I am rereading Maus by Art Spiegelman for a class after spring break. The graphic novel covers the parallel stories of Art’s father, a Polish Jew, during the Holocaust as well as the son’s interactions with his father and the struggles to retell the father’s story.The book reminded me of last year’s visit to Mauthausen, a concentration camp in Upper Austria; it is now a memorial site. The visit was a chilling but memorable experience:
Verdant long grass was bowing in the wind as waves of darker green were pushed over the meadow. At the entrance, I passed a group of young teenage girls lolling in the shadow of the fortress wall – in the center a girl in red leggings, with a bright blue backpack, and with a long shiny braid the color of ripe wheat. Just a few meters away, the boys from the same group told jokes, popped gum bubbles, and tried to steal each others’ sandwiches out of their bags.

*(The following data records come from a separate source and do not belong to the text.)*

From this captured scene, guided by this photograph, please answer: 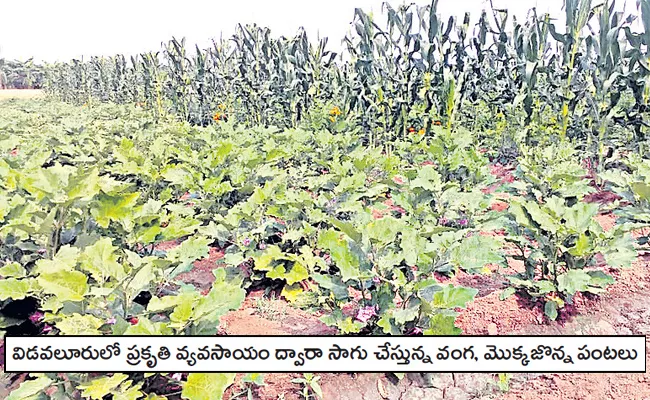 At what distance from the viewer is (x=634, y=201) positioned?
165 inches

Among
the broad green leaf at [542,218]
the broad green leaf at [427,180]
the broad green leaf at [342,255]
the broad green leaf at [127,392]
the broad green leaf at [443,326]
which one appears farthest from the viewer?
the broad green leaf at [427,180]

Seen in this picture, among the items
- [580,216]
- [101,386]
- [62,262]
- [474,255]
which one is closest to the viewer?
[101,386]

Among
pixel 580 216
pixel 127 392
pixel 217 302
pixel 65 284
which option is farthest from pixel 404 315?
pixel 65 284

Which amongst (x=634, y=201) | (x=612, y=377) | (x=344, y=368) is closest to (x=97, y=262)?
(x=344, y=368)

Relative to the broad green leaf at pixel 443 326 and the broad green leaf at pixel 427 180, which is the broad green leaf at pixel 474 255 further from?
the broad green leaf at pixel 427 180

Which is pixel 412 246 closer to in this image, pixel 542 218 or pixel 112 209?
pixel 542 218

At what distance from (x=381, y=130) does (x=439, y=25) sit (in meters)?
2.00

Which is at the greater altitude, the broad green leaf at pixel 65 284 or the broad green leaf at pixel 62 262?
the broad green leaf at pixel 62 262

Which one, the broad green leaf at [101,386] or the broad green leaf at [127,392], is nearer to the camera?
the broad green leaf at [101,386]

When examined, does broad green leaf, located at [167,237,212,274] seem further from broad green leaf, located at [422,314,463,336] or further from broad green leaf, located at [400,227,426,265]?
broad green leaf, located at [422,314,463,336]

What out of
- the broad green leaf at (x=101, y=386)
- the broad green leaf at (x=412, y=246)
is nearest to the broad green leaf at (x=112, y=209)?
the broad green leaf at (x=101, y=386)

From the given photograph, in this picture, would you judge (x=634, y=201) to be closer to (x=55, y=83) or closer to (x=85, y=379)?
(x=85, y=379) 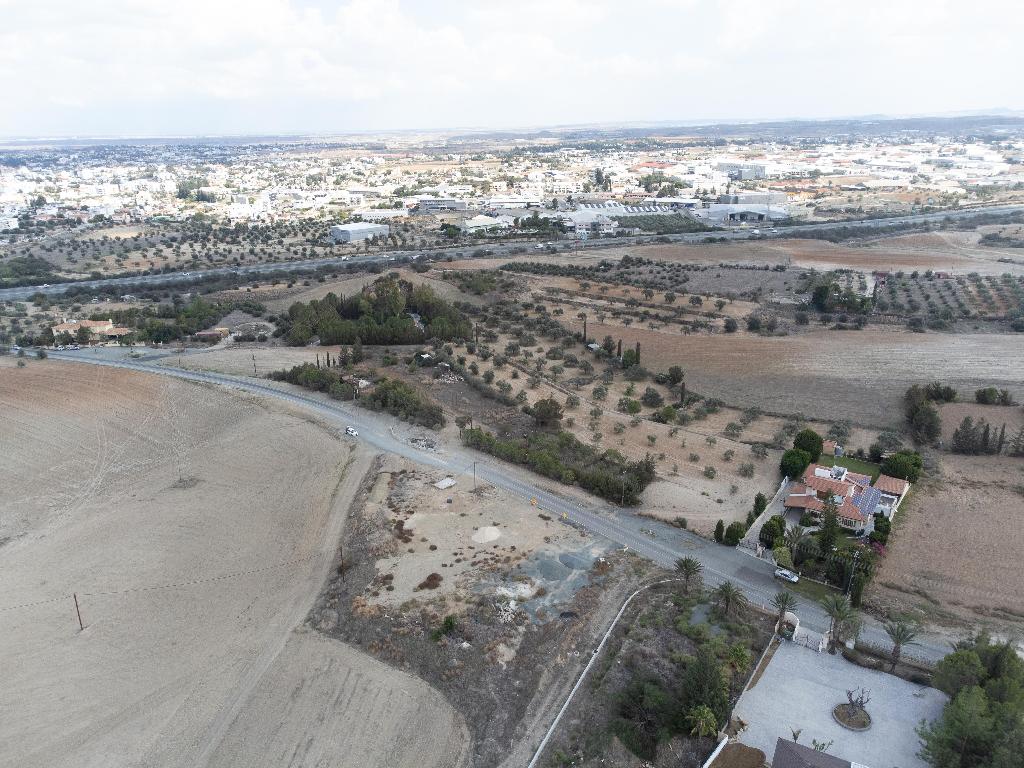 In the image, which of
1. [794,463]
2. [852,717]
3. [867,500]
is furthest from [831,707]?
[794,463]

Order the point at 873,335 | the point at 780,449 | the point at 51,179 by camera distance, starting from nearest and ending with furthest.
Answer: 1. the point at 780,449
2. the point at 873,335
3. the point at 51,179

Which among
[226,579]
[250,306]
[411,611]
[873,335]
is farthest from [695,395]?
[250,306]

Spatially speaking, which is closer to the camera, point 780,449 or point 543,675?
point 543,675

Four rows of barbwire ran atop the grey fortress walls anchored by guard towers in the middle and at the corners. Individual blocks of granite from a nearby quarry formed the ribbons of wall decorated with polished granite plaques: “In remembrance of the soldiers of the 26th (Yankee) Infantry Division, Third US Army who liberated….” I walked through the gate below the plaques and onto an empty large square, the roll call area, flanked by rows of one-story buildings and ending in another grey wall. Polished plaques upon plaques reflected parts of my face and remembered the 122,766 prisoners murdered here – political dissidents, Roma and Sinti, freedom fighters, homosexuals, Jews; the signs did not seem to end.
A black-and-white photo display showed the same square I stood in, but in the photo the square was crowded with hundreds of naked males, most crossing their arms as to hug themselves. Most were standing; some were sitting on the ground and with their knees pulled up to their chests. All heads were freshly shaven. The crowd did not end in the photo and the square seemed infinite as if even more men were waiting outside the photo. But in front of me, the square was now empty, a wide plane of grey asphalt that was not in the picture.
The wind was pushing waves through the meadows outside the gates, but I walked through small barrack rooms with bunk beds and enclosed by barb wire, saw the ash dump through the windows, listened to my echoing steps through cellars and disinfection rooms. A small underground room that looked much like a group shower bore more black granite plaques: “Here Max Fischler from Drohobycz was killed by gas on September 3, 1944 in his 49th year of life. Unforgettable!”
The two ovens in the next-door crematorium were draped in flags from Israel, Italy, Spain, and Poland. Black and white photos of men with their birth and death dates lined the walls in another room. The air was thick and much colder than it would make sense for a basement in summer. “Over the white pond the wild birds have moved on. In the evening an ice-cold wind blows from our stars” a white plaque remembered German Urbin. And still the grass waves were running through the high meadow outside the camp; the waves were moving away and up the hill – one followed by another and another and another.
At the top of the basement staircase, I ran into the class of twelve and thirteen-year olds that I had noticed before in the parking lot outside the gates. They were standing close to each other, nearly huddling but without physical contact. No one was speaking, no bubble popping, no braid swishing. I had never before seen a group of teenagers that quiet, that still, as after the tour of the Mauthausen concentration camp.